Caption-style text data
*** Begin section ***

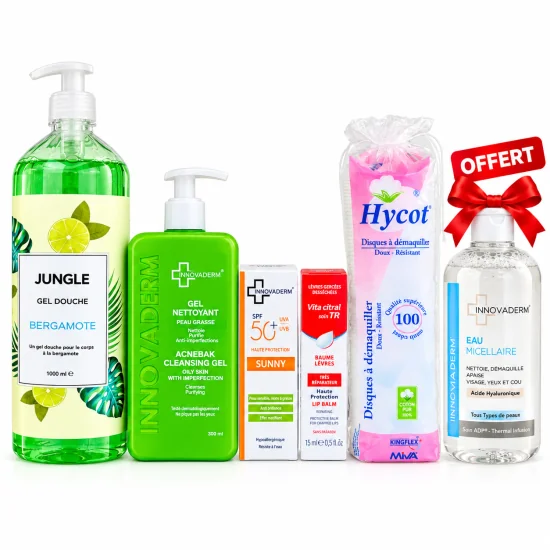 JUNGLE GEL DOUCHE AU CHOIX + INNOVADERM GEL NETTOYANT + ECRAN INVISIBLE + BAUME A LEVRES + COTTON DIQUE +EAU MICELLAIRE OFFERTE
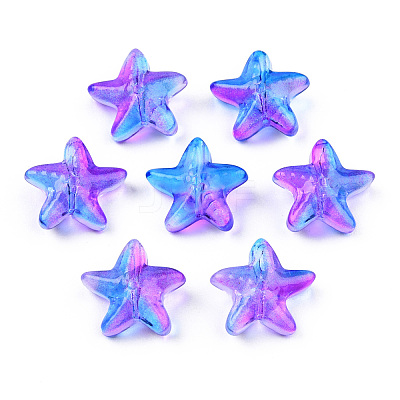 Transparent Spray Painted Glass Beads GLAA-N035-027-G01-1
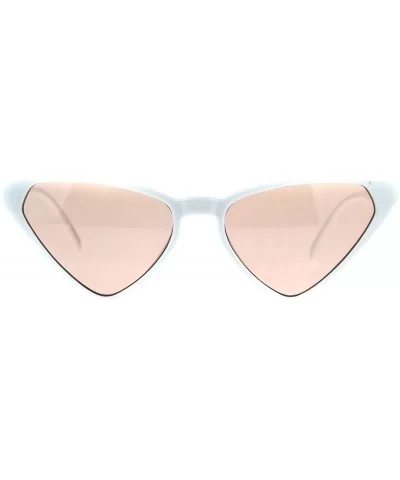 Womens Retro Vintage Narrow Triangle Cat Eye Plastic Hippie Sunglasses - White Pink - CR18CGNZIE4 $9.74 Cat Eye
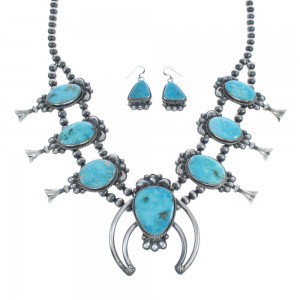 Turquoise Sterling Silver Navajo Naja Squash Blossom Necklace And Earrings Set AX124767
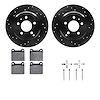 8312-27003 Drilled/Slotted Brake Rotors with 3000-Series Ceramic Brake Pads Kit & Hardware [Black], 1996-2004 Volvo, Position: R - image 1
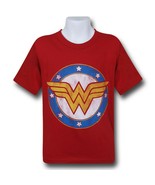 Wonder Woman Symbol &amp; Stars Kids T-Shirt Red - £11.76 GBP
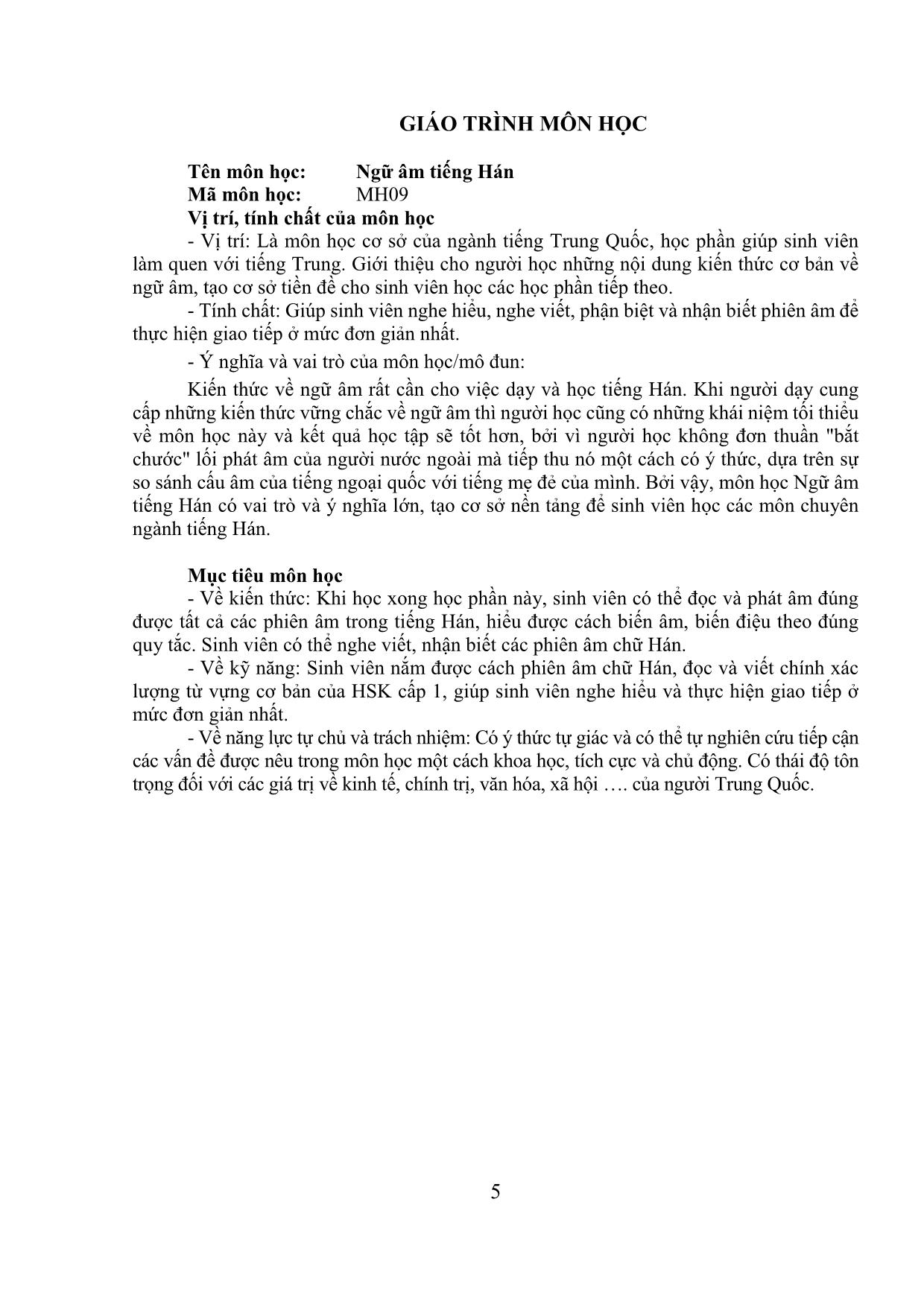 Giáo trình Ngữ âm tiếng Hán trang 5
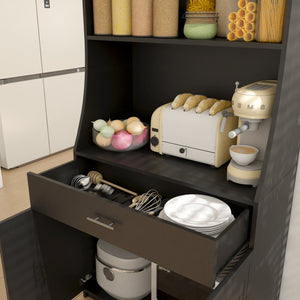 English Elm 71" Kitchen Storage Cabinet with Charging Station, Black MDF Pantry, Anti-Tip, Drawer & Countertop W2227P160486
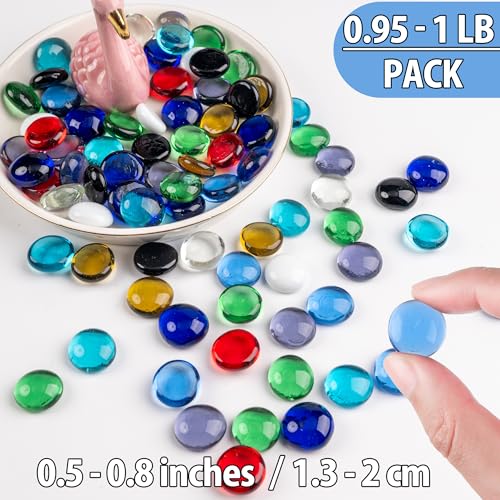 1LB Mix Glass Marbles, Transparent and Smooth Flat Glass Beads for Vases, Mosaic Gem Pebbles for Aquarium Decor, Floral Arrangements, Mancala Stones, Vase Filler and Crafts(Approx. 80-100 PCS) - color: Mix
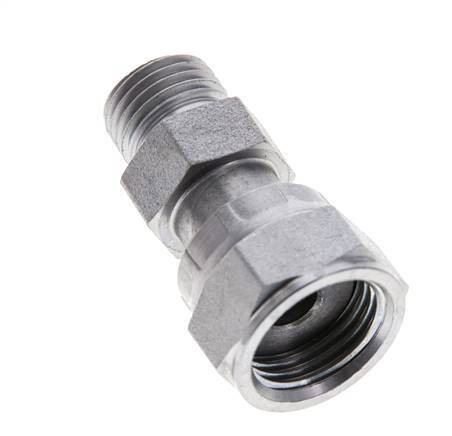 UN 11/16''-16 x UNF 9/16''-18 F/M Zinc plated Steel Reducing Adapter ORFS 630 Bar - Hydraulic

*** End section ***

▶ _Work task_
Output the records above character for character, but leave each image out.

▶ _Solution below_
 JUNGLE GEL DOUCHE AU CHOIX + INNOVADERM GEL NETTOYANT + ECRAN INVISIBLE + BAUME A LEVRES + COTTON DIQUE +EAU MICELLAIRE OFFERTE
 Transparent Spray Painted Glass Beads GLAA-N035-027-G01-1
 Womens Retro Vintage Narrow Triangle Cat Eye Plastic Hippie Sunglasses - White Pink - CR18CGNZIE4 $9.74 Cat Eye
 Turquoise Sterling Silver Navajo Naja Squash Blossom Necklace And Earrings Set AX124767
 8312-27003 Drilled/Slotted Brake Rotors with 3000-Series Ceramic Brake Pads Kit & Hardware [Black], 1996-2004 Volvo, Position: R - image 1
 Wonder Woman Symbol &amp; Stars Kids T-Shirt Red - £11.76 GBP
 Giáo trình Ngữ âm tiếng Hán trang 5
 English Elm 71" Kitchen Storage Cabinet with Charging Station, Black MDF Pantry, Anti-Tip, Drawer & Countertop W2227P160486
 1LB Mix Glass Marbles, Transparent and Smooth Flat Glass Beads for Vases, Mosaic Gem Pebbles for Aquarium Decor, Floral Arrangements, Mancala Stones, Vase Filler and Crafts(Approx. 80-100 PCS) - color: Mix
 UN 11/16''-16 x UNF 9/16''-18 F/M Zinc plated Steel Reducing Adapter ORFS 630 Bar - Hydraulic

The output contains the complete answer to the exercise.